His devastated parents petitioned the General Assembly to regulate the state’s water parks to make them safer, in order to help prevent future tragedies like the one that led to their son’s death. On Friday, the governor signed HB 1341 (popularly known as “Ethan’s Law”), which requires private, for-profit water parks to maintain liability insurance of at least $1 million in the event of an injury or the death of a patron. The sponsor of this legislation, during the governor’s prepared remarks, declared that “hopefully [this bill] will prevent other such tragedies around Missouri.”
Will it? Water parks have existed for more than 100 years in Missouri, so why wait until 2008 to pass this legislation if it’s so integral to their patrons’ safety? I certainly sympathize with the Cory family, but the state’s reaction is once again inappropriate. If the water park was negligent, the Cory family is entitled to a huge settlement. But bringing in the government to punish every other water park is not the answer.

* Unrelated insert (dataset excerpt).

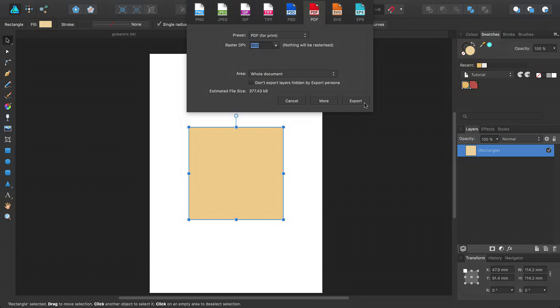And so that's how to work with global colors, spot colors and overprint colors in Affinity Designer. Thanks for watching.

Which is the greater incentive to carry liability insurance: a government mandate, or the risk of losing your entire business in a lawsuit in the event that negligence or faulty equipment results in an accident? Legislators forget the law of unintended consequences. Why set the liability level at $1 million? Why not $10 million? Or why not let the individual businesses decide what level of insurance they need? If we set it too high, do we needlessly destroy small businesses and neighborhood pools, and put people out of work?
This type of legislation is well-intentioned, but ultimately irresponsible. It justifies more government intrusion in our lives without doing anything to protect customers or to make them any safer. And now we have two more people (the owners of the Swimmin’ Hole) eligible for welfare.